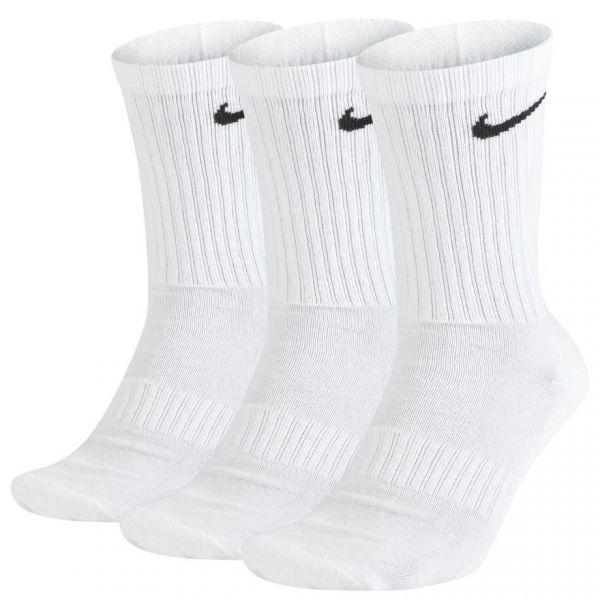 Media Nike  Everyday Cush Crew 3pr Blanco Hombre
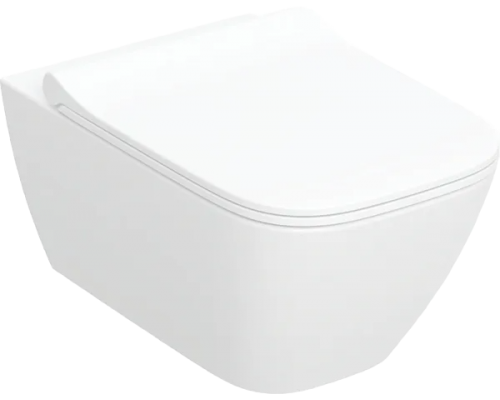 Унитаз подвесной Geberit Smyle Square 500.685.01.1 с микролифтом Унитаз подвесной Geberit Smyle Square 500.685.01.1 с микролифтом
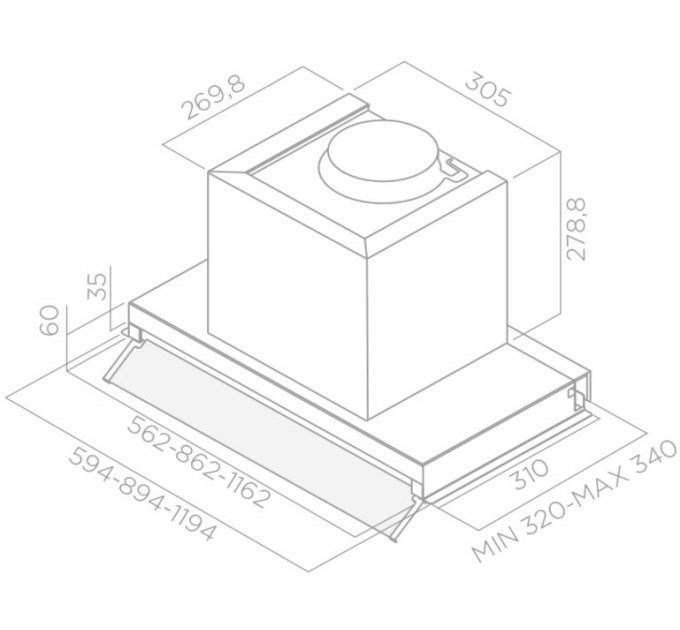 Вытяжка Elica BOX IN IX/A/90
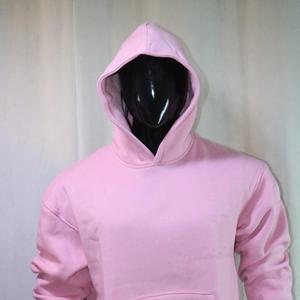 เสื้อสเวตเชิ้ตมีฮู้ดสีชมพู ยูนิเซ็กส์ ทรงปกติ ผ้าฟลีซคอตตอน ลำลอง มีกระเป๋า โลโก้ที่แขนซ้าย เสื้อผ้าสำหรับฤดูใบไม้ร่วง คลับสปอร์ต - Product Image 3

□ □ □

Activity: Each line above gets copied exactly; leave the pictures out.

Final answer:
 Media Nike  Everyday Cush Crew 3pr Blanco Hombre
 Унитаз подвесной Geberit Smyle Square 500.685.01.1 с микролифтом Унитаз подвесной Geberit Smyle Square 500.685.01.1 с микролифтом
 Вытяжка Elica BOX IN IX/A/90
 เสื้อสเวตเชิ้ตมีฮู้ดสีชมพู ยูนิเซ็กส์ ทรงปกติ ผ้าฟลีซคอตตอน ลำลอง มีกระเป๋า โลโก้ที่แขนซ้าย เสื้อผ้าสำหรับฤดูใบไม้ร่วง คลับสปอร์ต - Product Image 3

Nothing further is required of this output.